Please output the entries below from the line that contains "2023冬季新款纯色脱卸帽羽" through the final line, reproduced exactly and alone.
=== Begin Enclosure ===
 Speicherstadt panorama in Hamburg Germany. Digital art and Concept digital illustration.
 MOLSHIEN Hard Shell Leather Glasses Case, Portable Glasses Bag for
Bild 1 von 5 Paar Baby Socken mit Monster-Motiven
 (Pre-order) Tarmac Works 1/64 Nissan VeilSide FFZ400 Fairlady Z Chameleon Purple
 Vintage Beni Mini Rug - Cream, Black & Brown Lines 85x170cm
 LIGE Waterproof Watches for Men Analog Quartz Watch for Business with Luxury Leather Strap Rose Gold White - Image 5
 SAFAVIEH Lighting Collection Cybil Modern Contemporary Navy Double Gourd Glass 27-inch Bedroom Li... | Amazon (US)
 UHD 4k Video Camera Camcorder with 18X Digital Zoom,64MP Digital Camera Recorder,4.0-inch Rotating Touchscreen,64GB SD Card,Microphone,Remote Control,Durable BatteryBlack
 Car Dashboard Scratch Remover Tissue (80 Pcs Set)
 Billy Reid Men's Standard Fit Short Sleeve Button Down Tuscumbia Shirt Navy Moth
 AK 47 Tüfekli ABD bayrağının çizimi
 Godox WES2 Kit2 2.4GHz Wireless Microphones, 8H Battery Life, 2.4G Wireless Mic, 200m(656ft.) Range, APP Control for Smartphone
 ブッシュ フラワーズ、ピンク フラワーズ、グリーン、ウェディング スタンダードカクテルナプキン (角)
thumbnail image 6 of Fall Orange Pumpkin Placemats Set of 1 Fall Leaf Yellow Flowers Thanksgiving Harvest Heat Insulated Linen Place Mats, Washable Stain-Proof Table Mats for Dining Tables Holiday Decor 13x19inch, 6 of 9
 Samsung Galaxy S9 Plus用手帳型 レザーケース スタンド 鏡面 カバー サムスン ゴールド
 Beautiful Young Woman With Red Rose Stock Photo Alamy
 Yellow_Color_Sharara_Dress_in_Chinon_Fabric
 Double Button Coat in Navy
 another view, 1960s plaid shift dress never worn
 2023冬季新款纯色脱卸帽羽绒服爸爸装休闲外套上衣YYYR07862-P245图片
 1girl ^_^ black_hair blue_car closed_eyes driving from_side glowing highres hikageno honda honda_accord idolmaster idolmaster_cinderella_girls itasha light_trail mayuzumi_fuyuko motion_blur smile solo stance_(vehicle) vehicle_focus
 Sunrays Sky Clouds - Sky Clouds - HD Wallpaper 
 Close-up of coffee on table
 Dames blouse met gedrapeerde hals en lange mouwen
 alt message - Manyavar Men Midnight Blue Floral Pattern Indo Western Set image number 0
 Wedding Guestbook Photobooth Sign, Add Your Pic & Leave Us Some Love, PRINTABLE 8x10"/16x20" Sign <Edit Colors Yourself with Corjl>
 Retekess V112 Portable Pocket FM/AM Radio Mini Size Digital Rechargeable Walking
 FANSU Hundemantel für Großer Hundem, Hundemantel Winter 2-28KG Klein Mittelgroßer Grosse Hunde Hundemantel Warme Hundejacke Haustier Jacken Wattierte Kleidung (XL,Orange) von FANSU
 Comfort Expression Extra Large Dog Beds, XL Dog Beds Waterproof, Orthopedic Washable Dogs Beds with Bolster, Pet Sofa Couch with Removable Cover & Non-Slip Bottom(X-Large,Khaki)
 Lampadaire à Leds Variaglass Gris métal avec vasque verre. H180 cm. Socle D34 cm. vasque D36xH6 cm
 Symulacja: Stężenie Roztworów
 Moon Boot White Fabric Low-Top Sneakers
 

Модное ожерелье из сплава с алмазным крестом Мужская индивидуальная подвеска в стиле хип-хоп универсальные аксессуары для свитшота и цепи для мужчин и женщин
=== End Enclosure ===
*Answer space*.
 2023冬季新款纯色脱卸帽羽绒服爸爸装休闲外套上衣YYYR07862-P245图片
 1girl ^_^ black_hair blue_car closed_eyes driving from_side glowing highres hikageno honda honda_accord idolmaster idolmaster_cinderella_girls itasha light_trail mayuzumi_fuyuko motion_blur smile solo stance_(vehicle) vehicle_focus
 Sunrays Sky Clouds - Sky Clouds - HD Wallpaper 
 Close-up of coffee on table
 Dames blouse met gedrapeerde hals en lange mouwen
 alt message - Manyavar Men Midnight Blue Floral Pattern Indo Western Set image number 0
 Wedding Guestbook Photobooth Sign, Add Your Pic & Leave Us Some Love, PRINTABLE 8x10"/16x20" Sign <Edit Colors Yourself with Corjl>
 Retekess V112 Portable Pocket FM/AM Radio Mini Size Digital Rechargeable Walking
 FANSU Hundemantel für Großer Hundem, Hundemantel Winter 2-28KG Klein Mittelgroßer Grosse Hunde Hundemantel Warme Hundejacke Haustier Jacken Wattierte Kleidung (XL,Orange) von FANSU
 Comfort Expression Extra Large Dog Beds, XL Dog Beds Waterproof, Orthopedic Washable Dogs Beds with Bolster, Pet Sofa Couch with Removable Cover & Non-Slip Bottom(X-Large,Khaki)
 Lampadaire à Leds Variaglass Gris métal avec vasque verre. H180 cm. Socle D34 cm. vasque D36xH6 cm
 Symulacja: Stężenie Roztworów
 Moon Boot White Fabric Low-Top Sneakers
 

Модное ожерелье из сплава с алмазным крестом Мужская индивидуальная подвеска в стиле хип-хоп универсальные аксессуары для свитшота и цепи для мужчин и женщин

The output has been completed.